Once again the camper and bed come off the truck to finish up some loose ends, including a roll on bed liner and chassis work.
With the bed liner material needing to dry I decided to tackle that first by masking off the exterior.
I then mix up the liner material Wil gave me and applied it to the inside of the bed.
Also I put some on the tailgate.
After another visit to my brother’s shop I picked up some cool new suspension parts.
Fox Shox for a better ride.
Air Bags for fluctuating load weight (water, fuel, food and etc).
Limiting straps and tabs to keep parts from over extending
Uniball heim joints and poly bushings for new upper a-arms.
To start I tack weld the new shock tabs in place, create a mock up of where the remote reservoir will mount.

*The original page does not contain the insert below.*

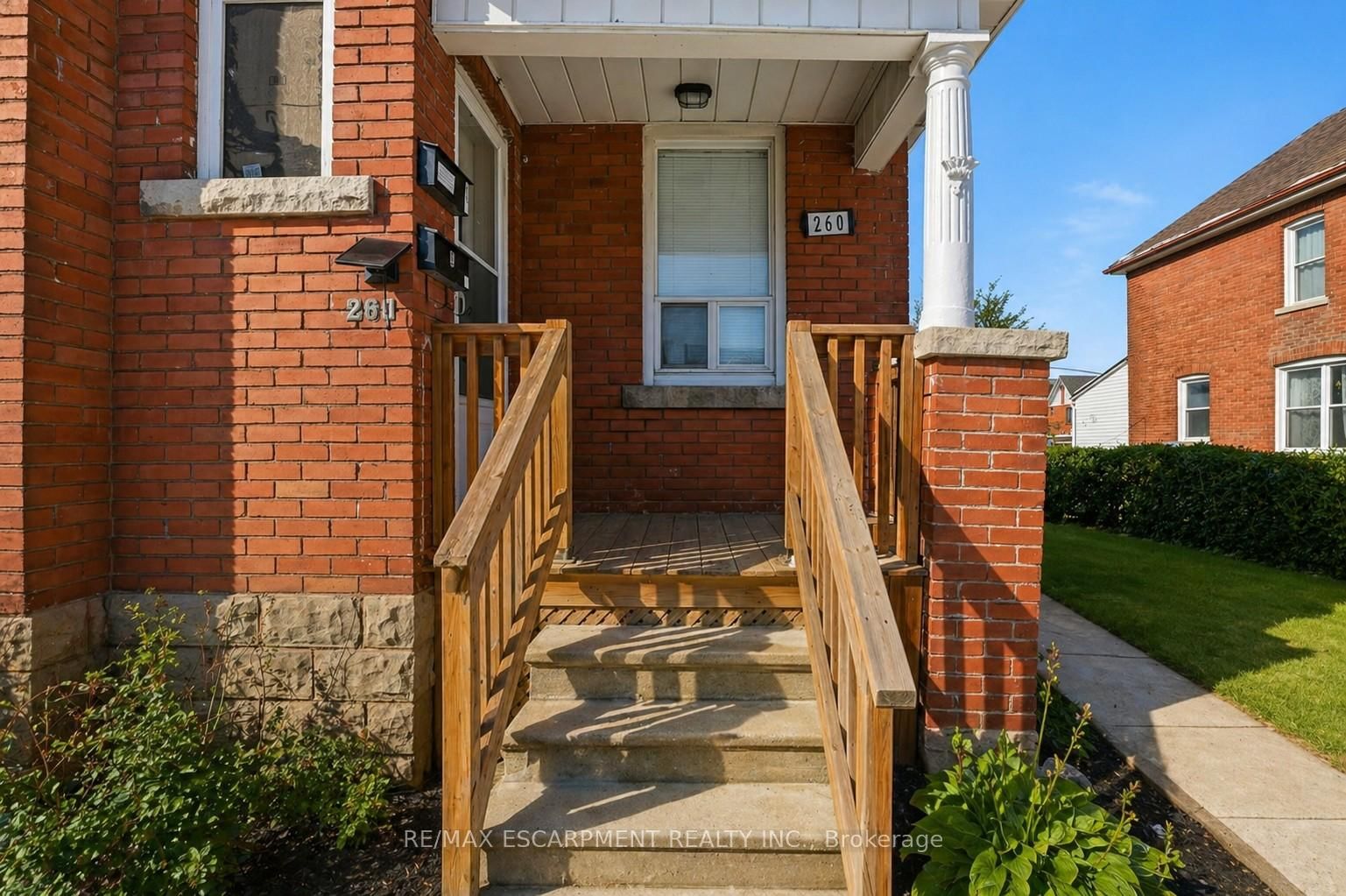 Listing photo 4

Then I move onto positioning the air bag mounts. Another cross bar is added at the end of the upper air bag mount.
Parts removed then both cross bars get welded into place.
Air bag mounts welded directly onto the frame.
To support the weight the air bags will carry I add gussets. (Thanks to Wil for giving me a hand with making these.) Also a limiting strap tab is welded on over the axle.
Wil snapped a photo of me welding the final gusset in place.
Reinforcing completed. Hard to see, but I added another short piece across on the reverse side where the limiting strap tab is located.
I begin bolting on all the parts to make sure nothing warped while welding.
Then I spray on a coat of paint and install the parts once dry.
Another angle of new suspension setup.
Next I fab up the bottom plates for the air bags to ride on. I only have bolt holes on one side to allow extra up travel.
Under side of air bag lower bracket.
Bracket installed with air bag and air line.
I run the air lines to the bags to one location for easy inflation/deflation. Also used some no lose valve caps I got from George at Extreme Outback Products.
Next I assemble all the parts for an air supply system. I’m using a small compressor for now, though I want to swap out for a much nicer ExtremeAire one in the future.
I decided to build my own air tank so I could fit it much easier than a pre-made one.
This is my second attempt at making one, thankfully it worked holding 100psi.
I removed all the fittings, cleaned all the sharp edges, painted and then installed the tank right behind the bumper.
After installing I fought with popping the air line and loosing pressure. I ended up installing a check valve on the feed line to the tank.
The compressor fit perfectly off to the left mounted to the boxes. I added the brass fittings to help dissipate the heat, keeping the plastic line from popping. I’ll be creating a small shield for the compressor to keep anything from touching it and so I have a place to mount a switch in easy reach. After fighting with everything for over a day I managed to get everything working properly. If I had to do it again, I would of bought an air tank and saved myself time.